I'm still not entirely sure what you are asking, but I can definitely say that the payout is not fair or the casino would not offer the bet, at least, not in most cases.

Are you saying you get paid if your first four cards result in a 4OaK, the odds of that are not good:

(1 * 23/311 * 22/310 * 21/309) = 0.00035668861 or 1/0.00035668861 = 1 in 2803.57

I'm assuming there is more to the side bet than that.

Quote: Mission146

I can't answer the second question because I do not know how many rounds you played at that table over the course of the night. The answer to your first question is very simple since you want them to be specific cards. There are 24 Aces of 312 cards, so:

(24/312) * (23/311) * (288/310) * (287/309) * (286/308) * (285/307) * (284/306) * (283/305) * (282/304) * (281/303) * (280/302) * (22/301) * (21/300) =

0.00001487058 or 1/0.00001487058 = 67,246.87 (Rounded)

That may seem odd, but you are highly specifying the position of Four Aces in thirteen cards, so that's what changes the likelihood a bit. If the four Aces could be anywhere in the first thirteen cards dealt, then:

nCr(24,4)*nCr(288,9)/nCr(312,13) = 0.010632470547348 or 1/0.010632470547348 = 1 in 94.05 to get exactly four of the Aces dealing out thirteen cards from a six deck shoe.

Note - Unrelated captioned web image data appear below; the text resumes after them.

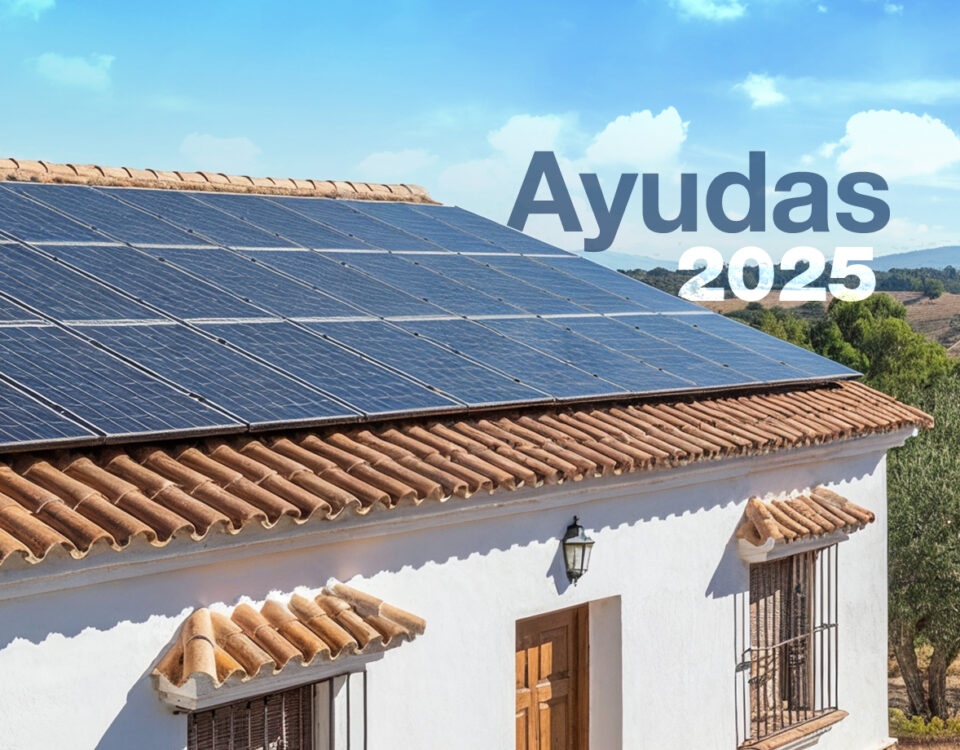 fondo ayudas OK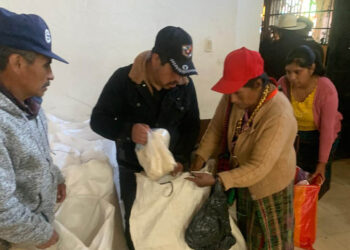Mas de 18 mil familias reciben alimentos por acciones comunitarias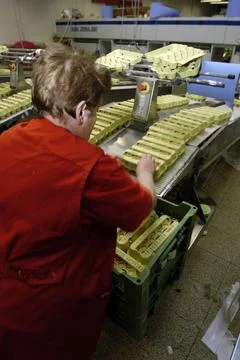  industrial processing of chicken eggs with machines in a factory industri... 스톡 사진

As you can see, if you do not demand that the Aces be in a specific position, this doesn't even have the faintest appearance of anything unusual.

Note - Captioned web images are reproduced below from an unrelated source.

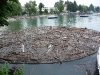 Treibholz 2011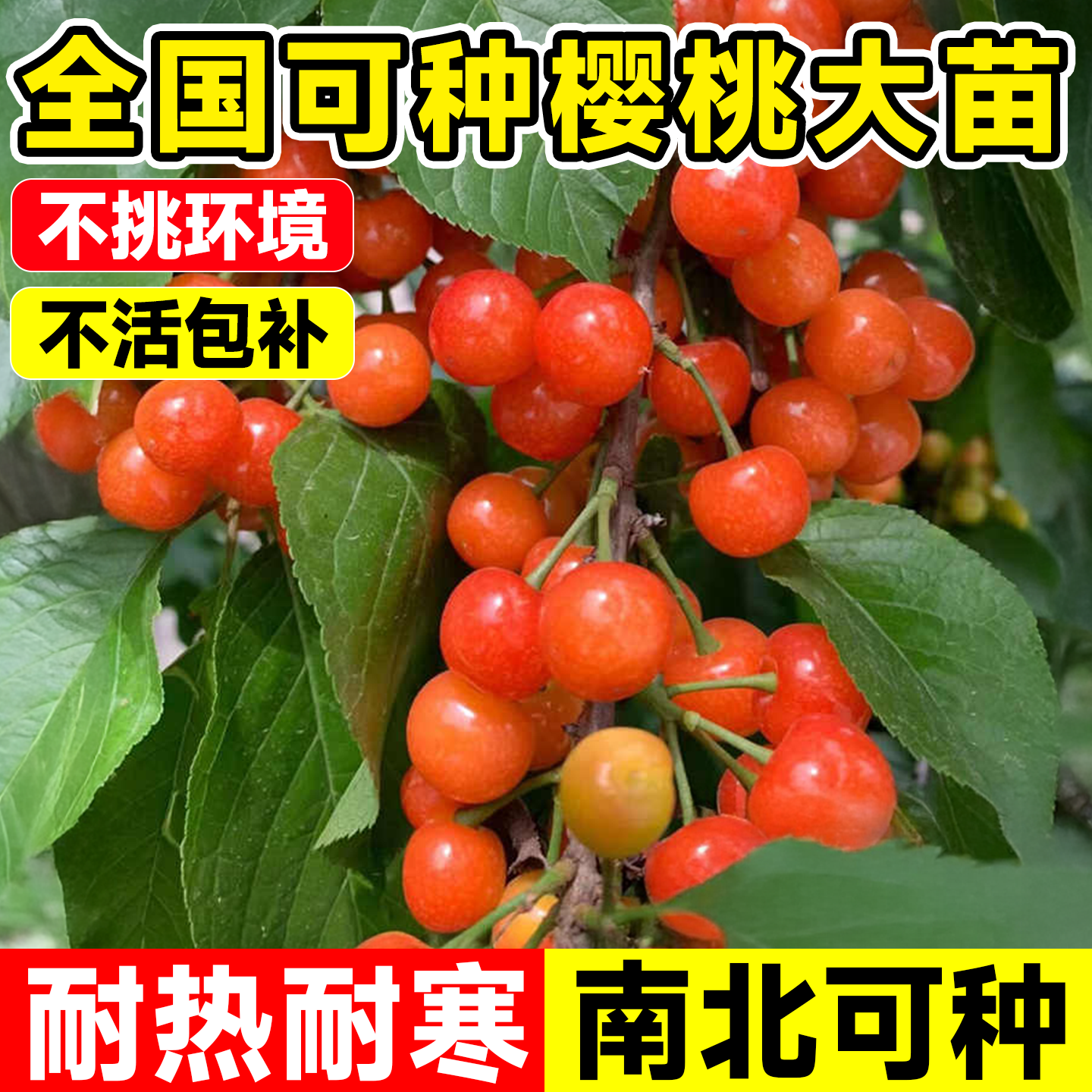 樱桃树苗红妃果苗土樱桃车厘子嫁接南方北方种植庭院盆栽当年结果 - 实物图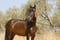 Horse ad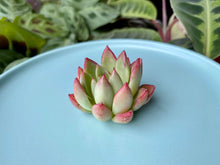 Load image into Gallery viewer, Echeveria Ilya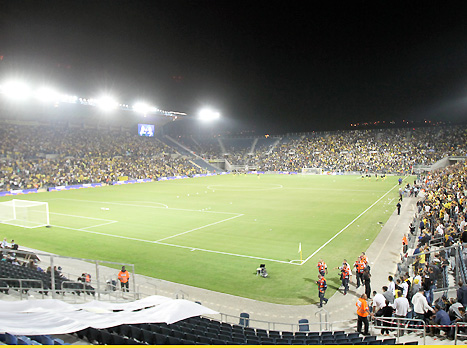 אירופה בטדי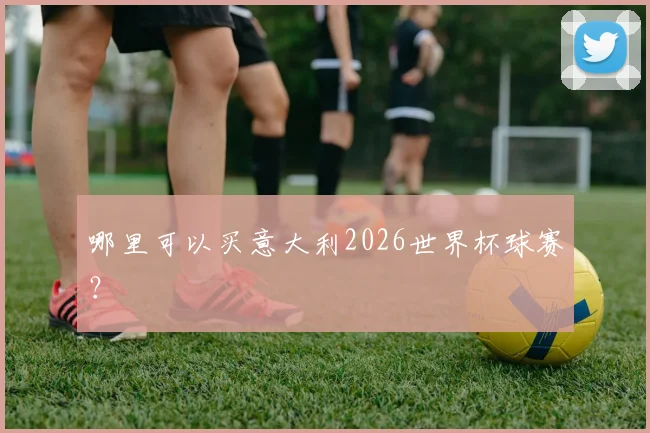 哪里可以买意大利2026世界杯球赛？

Looks like your math is "Cards #1, 2, 12, 13 are Aces, while 3-11 are specifically non-Aces". Don't think the original question had the non-aces part.

I'd say it's:

24/312 * 23/311 * 22/310 * 21/309 = 0.00002743 = 1 in 1/0.00002743 = 1 in 36,446.

Quote: RS

Looks like your math is "Cards #1, 2, 12, 13 are Aces, while 3-11 are specifically non-Aces". Don't think the original question had the non-aces part.

I'd say it's:

24/312 * 23/311 * 22/310 * 21/309 = 0.00002743 = 1 in 1/0.00002743 = 1 in 36,446.

;)

You just made an ass out of me, but rightly so, LOL, I shouldn't have assumed that the other nine cards absolutely could not be Aces.

Well, OP, now you have the Math for those cards all being Aces and for ONLY those cards all being Aces.

Thanks, RS!

Quote: Said

Right, thanks a lot! Actually I was playing switch blackjack last night (so each of the 5 players had 2 games) and making a side bet that payed 40 to 1 in four of a kind. One guy got 2 pairs of aces (four of a kind) and won the bet...only about 30 rounds later I got exactly the same thing. Lets say thy were in total 100 rounds. What are the odds of getting any four of a kind? Also, is 40 to 1 a "fair" payout for such odds (considering any four of a kind and the specific one of Aces)

Hard to say whether that's a "fair" payout, because it's probably not the only pay on the sidebet (or nobody would play it). It's a component of some bet where the top payout is 4OAK, right? Though perhaps there's a higher one for 4OAK suited or colored? In isolation, no, it's probably not "fair". But if the total sidebet paytable adds up to a HE of maybe 4% or less, it's one of the "fairer" sidebets out there IMO. And 40:1 makes it more attractive to a lot of casinos than 500:1 or some huge payout like that. Too much exposure. 40:1 would also make it possible to pay either better odds on the lower wins, or pay more frequently with more lower hands possible.

Say they paid 500:1 odds. That might make it impossible to pay even money on a pair; instead they'd have to push it or something. Or if they pay 10:1 on 3OAK, they can now only afford to pay 5:1 or 3:1 because the paytable's so top-heavy. I don't know what sidebet they're using, but you have to look at the whole paytable to have some idea whether it's a good bet (given that the Wizard says all sidebets are sucker bets).